# MS Outlook 2002 pst file went down from ~1,8GB to 0KB !?



## stuhpa_sheja (Apr 20, 2009)

Hi all, my already 4th .pst file (MS Outlook personal storage file) went down from around 1.5 GB to 0 KB.
(btw. Im familiar with that 2GB limitation against pst files so each time when Im reaching around 1,8GB I would create new personal folder/pst file...so far w/o any problems)
The only extraordinary thing that happen was CHKDSK run.
I did check "found.000" hidden folder and the file is not there + the corrupted pst file did stay at the same location, name and extension are unchanged, the only problem is its size ~ 300 B (0 KB) !
My problem is also that raw recovery applications (Easy Recovery Proffesional, R-Studio...) cant find any file of similar size that would match my "lost"/corrupted file....
I did google this issue and the only promising solution is not free: http://www.experts-exchange.com/Microsoft/Applications/Q_22626056.html
Also that PSTSCAN.EXE application is not working also - file is now to small...
Can somebody here help me pls?


----------



## stuhpa_sheja (Apr 20, 2009)

Anyone...pls?


----------



## sobersong (Sep 14, 2008)

is your pst saved locally or on a network drive ?
SCANPST.EXE itself does not work or it did work but couldn't repair the pst ? (might need to close outlook before running it...)


----------



## tosh9i (Aug 3, 2006)

That Expert's Exchange solution referred to this webpage: http://www.emailaddressmanager.com/outlook/repair.html

However, in the end, that solution didn't work and they just gave up.


----------



## tosh9i (Aug 3, 2006)

Do you know the amount of free space you had on your HD before this happened compared to now?


----------



## stuhpa_sheja (Apr 20, 2009)

Re: is your pst saved locally or on a network drive ?
- all 4 pst files are saved on external USB hd
Re: SCANPST.EXE itself does not work or it did work but couldn't repair the pst ? (might need to close outlook before running it...) 
- SCANPST.exe is not helping/cant process the file because the size of the corrupted pst file is to small, ~300B, ie. 0 KB
Re: Do you know the amount of free space you had on your HD before this happened compared to now?
- enough, >100 GB


----------



## tosh9i (Aug 3, 2006)

stuhpa_sheja said:


> Re: is your pst saved locally or on a network drive ?
> - all 4 pst files are saved on external USB hd
> Re: SCANPST.EXE itself does not work or it did work but couldn't repair the pst ? (might need to close outlook before running it...)
> - SCANPST.exe is not helping/cant process the file because the size of the corrupted pst file is to small, ~300B, ie. 0 KB
> ...


That's not what I meant.
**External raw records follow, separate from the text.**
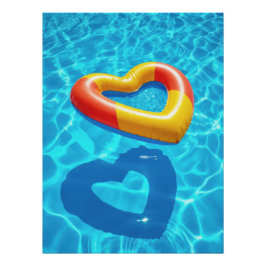 Summer Love Heart Float in Blue Pool Perfect Poster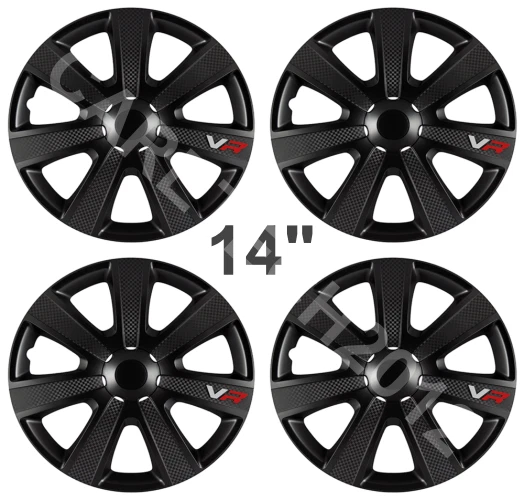 14"x 4 Wheel Trims Black Carbon Effect Hub Caps Fits PEUGEOT 206 Alloy Look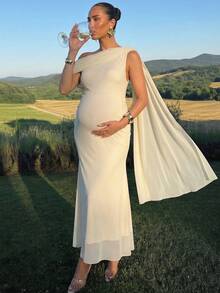 MaterniChic Maternity Elegant White Summer Dress,Pregnant Women's Asymmetrical Shoulder Bodycon Luxury Evening Party Dress For Baby Shower Wedding Guest - Apricot - View 1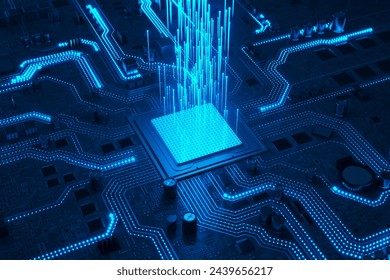 This abstract image captures the essence of futuristic computing, showcasing a microprocessor illuminated by glowing circuits and lights, symbolizing cutting-edge technology.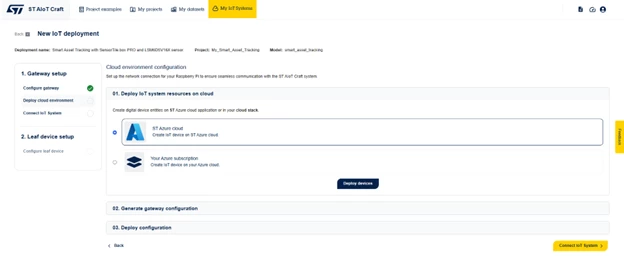 Figure 8: ST AIoT Craft – Deploy IoT system resources on cloud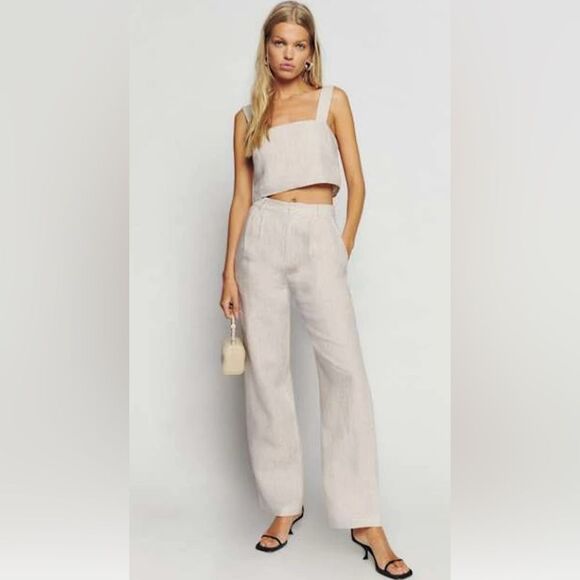 Reformation Olivia linen two-piece set NWT size 12 from Anthropologie $278 - Picture 7 of 9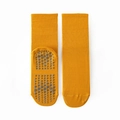 Orange non-slip yoga socks with grey hexagonal silicone grips on cotton blend fabric - One Size / Yellow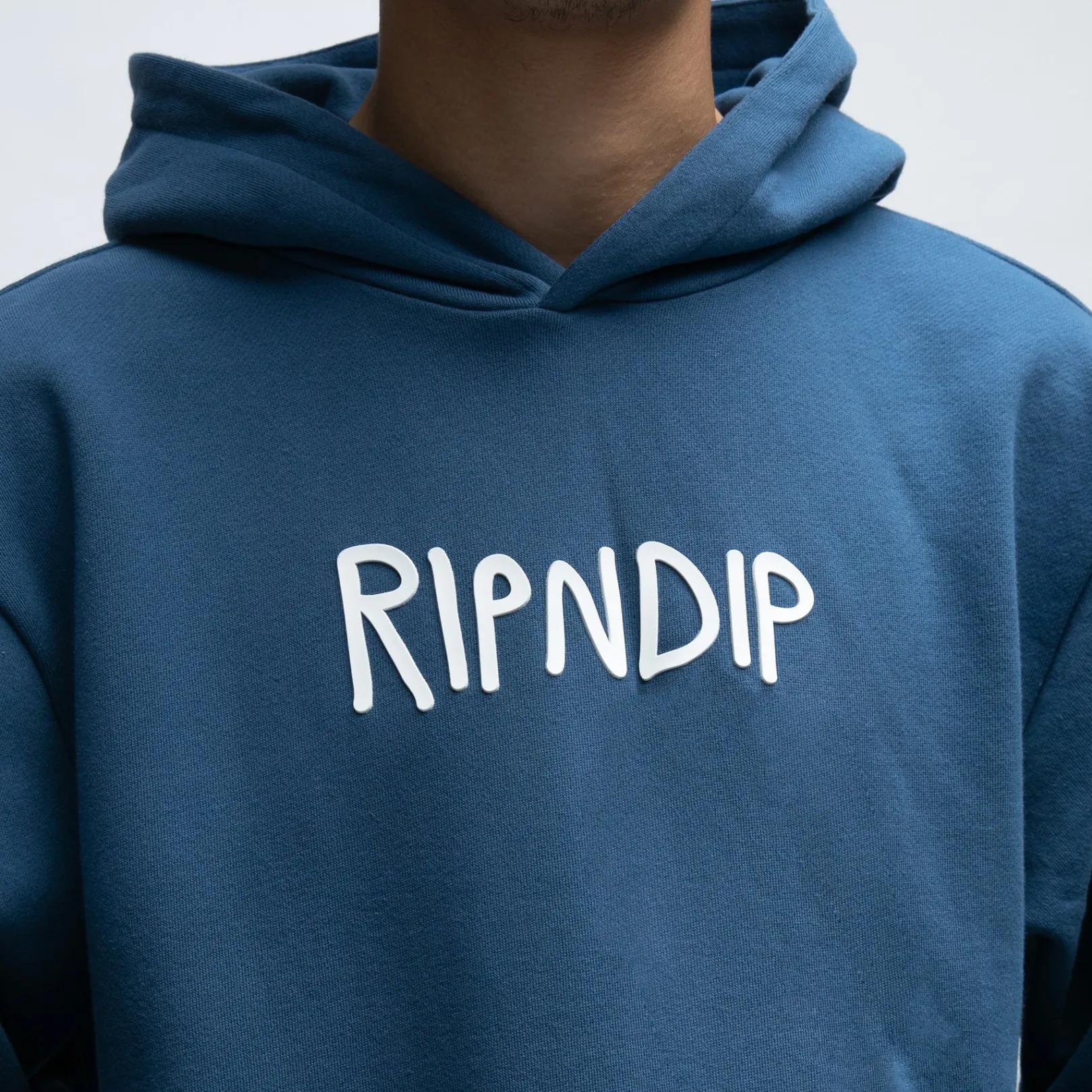 Rubber Logo Hoodie (Pacific Blue)<Ripndip Flash Sale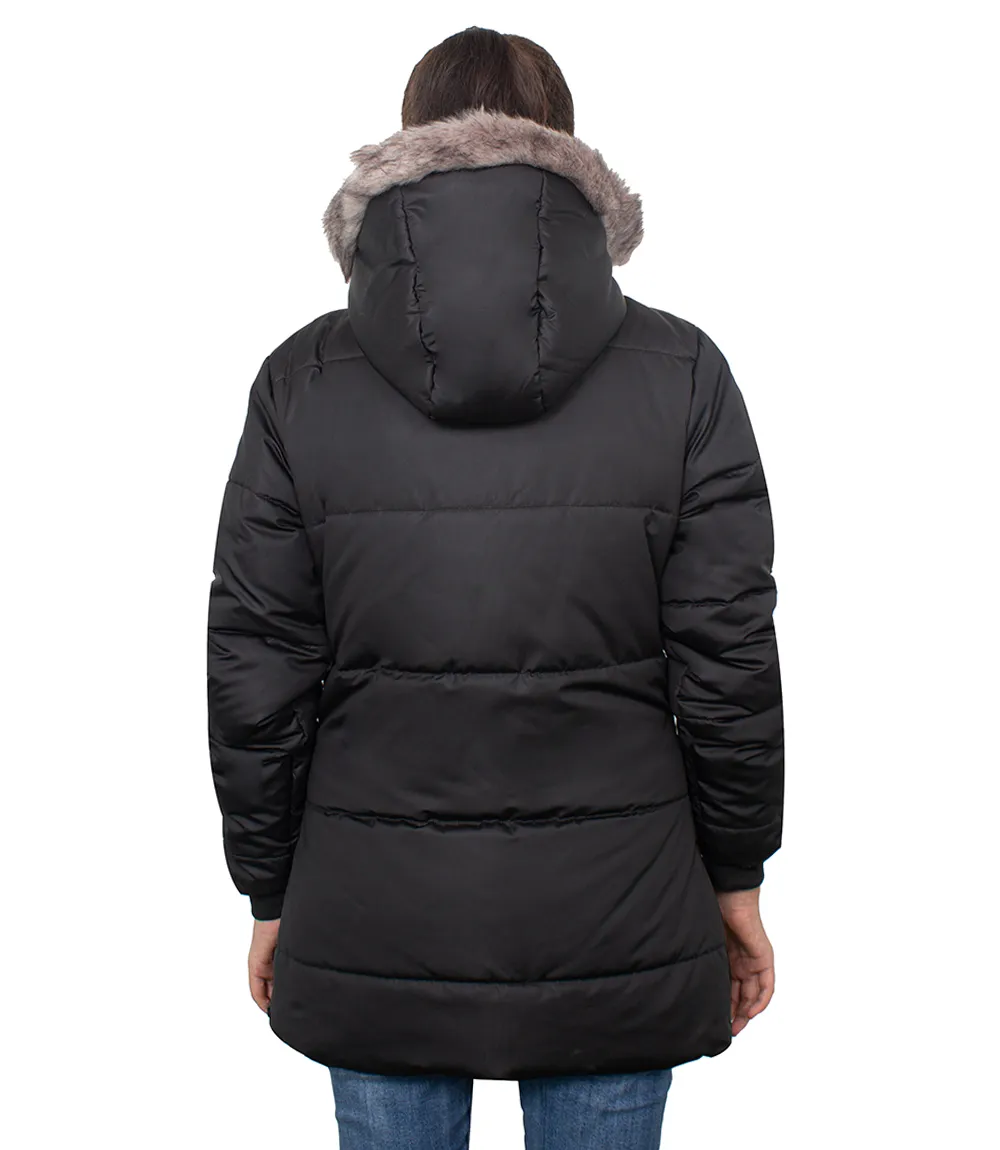 Ella Black Women's Long Puffer Parka Jacket with Faux Fur Trim Hood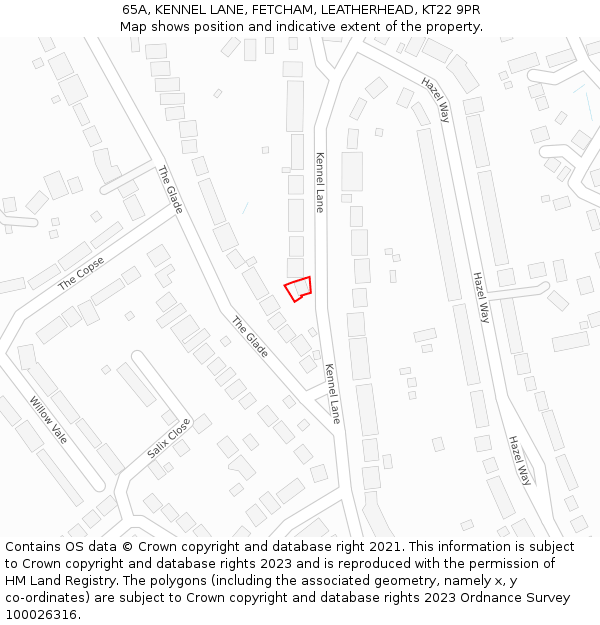 65A, KENNEL LANE, FETCHAM, LEATHERHEAD, KT22 9PR: Location map and indicative extent of plot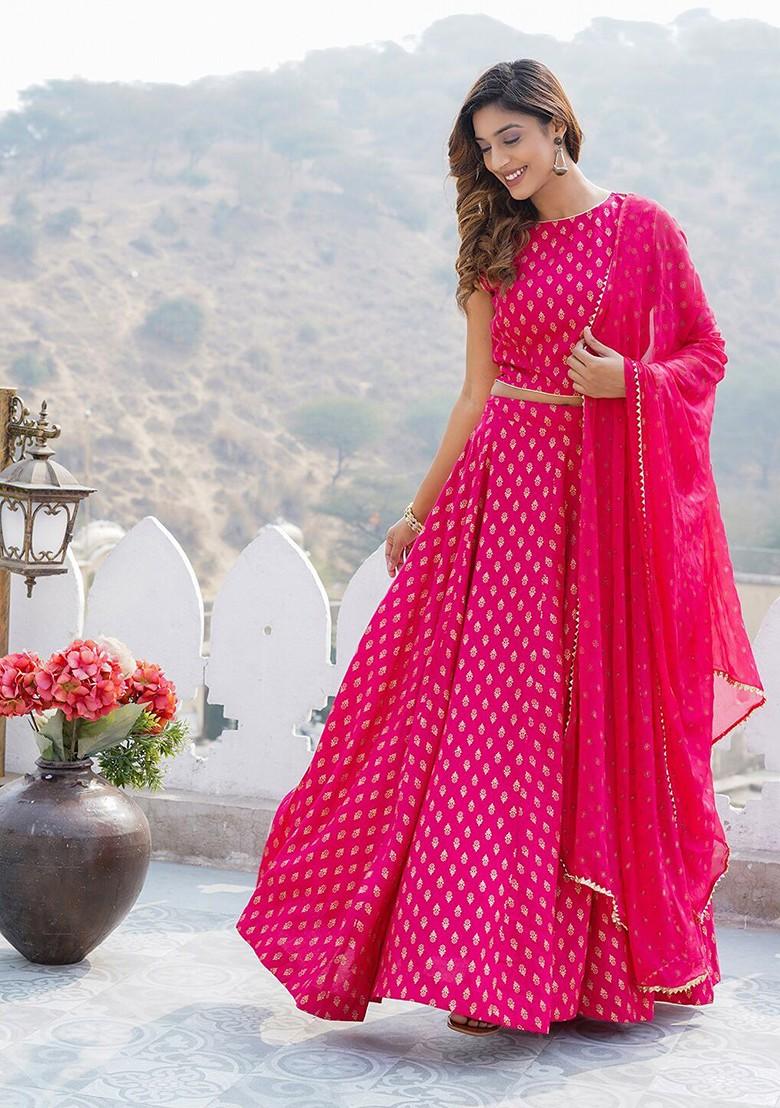 Pink Printed Blended Lehenga Choli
What I meant was before this happened did you have, let's say *120 GB *of free space and after this happened did it change to *122* GB of free space.


----------



## stuhpa_sheja (Apr 20, 2009)

Re: That's not what I meant. What I meant was before this happened did you have, let's say 120 GB of free space and after this happened did it change to 122 GB of free space. 
- i dont know, usually i dont track memory status of my hd's


----------



## tosh9i (Aug 3, 2006)

Run a search on your computer for files that are over 1 GB in size. In the search field type: *.*


----------



## stuhpa_sheja (Apr 20, 2009)

Re:Run a search on your computer for files that are over 1 GB in size. In the search field type: *.*
- this is first thing that Ive done - once again, file has not disappeared, its still there, but no data


----------



## tosh9i (Aug 3, 2006)

Okay, now I'm getting confused. You say that has not disappeared, it's still there, but no data. Is the file you're talking about the 300byte file or the 1.8 gb file. Were you able to find the 1.8gb file or was it there all along, just empty.


----------



## stuhpa_sheja (Apr 20, 2009)

....after CHDDSK run....a *.pst file which size was around 1,8 GB went down to 300 B....is this clear enough?......


----------



## tosh9i (Aug 3, 2006)

Well, I spent the last hour surfing all over the internet trying to find a solution to your problem. One thing that I noticed is that you're not the first person whose pst file dropped to 0kb after running CHKDSK. After reading numerous threads about the same problem, all I found out is that practically NONE of them have been able to recover their lost data.


----------



## tosh9i (Aug 3, 2006)

stuhpa_sheja said:


> ....after CHDDSK run....a *.pst file which size was around 1,8 GB went down to 300 B....is this clear enough?......


Oh, and by the way, you're old pst file is not still there. What happened is that the 1.8 gb pst file was removed or deleted and "replaced" by that 300 b file. Chkdsk didn't just delete your email, contacts and calendar, it deleted the whole file, and when you opened outlook, outlook created a new one (300b).


----------



## jayjayaa (Dec 4, 2009)

I have the same problem but the thing is it is not my outlook.pst.
It is one of my archive psts.
So the file is not deleted and a new one created by outlook like Toshi said.
The file size just went to 0 Kb.
I know this because my file name is not outlook.pst 
I can not recover it
Did you solve this problem?


----------



## stuhpa_sheja (Apr 20, 2009)

No...I havent resolved my problem....Ive also googled nearly all net looking for similar bug desc....no luck....theres no solution....except....from now on Im not permiting scandisk to run on any of my drives where I have stored some archive pst files.....


----------



## djaburg (May 15, 2008)

I'm certainly not trying to insult or anything, but backing up your .pst files can be a life saver. For future reference, Microsoft has a personal folder backup utility that can automatically backup your pst files (including archive) to a location that you specify. You can use an external drive, a network drive, or a directory on your computer.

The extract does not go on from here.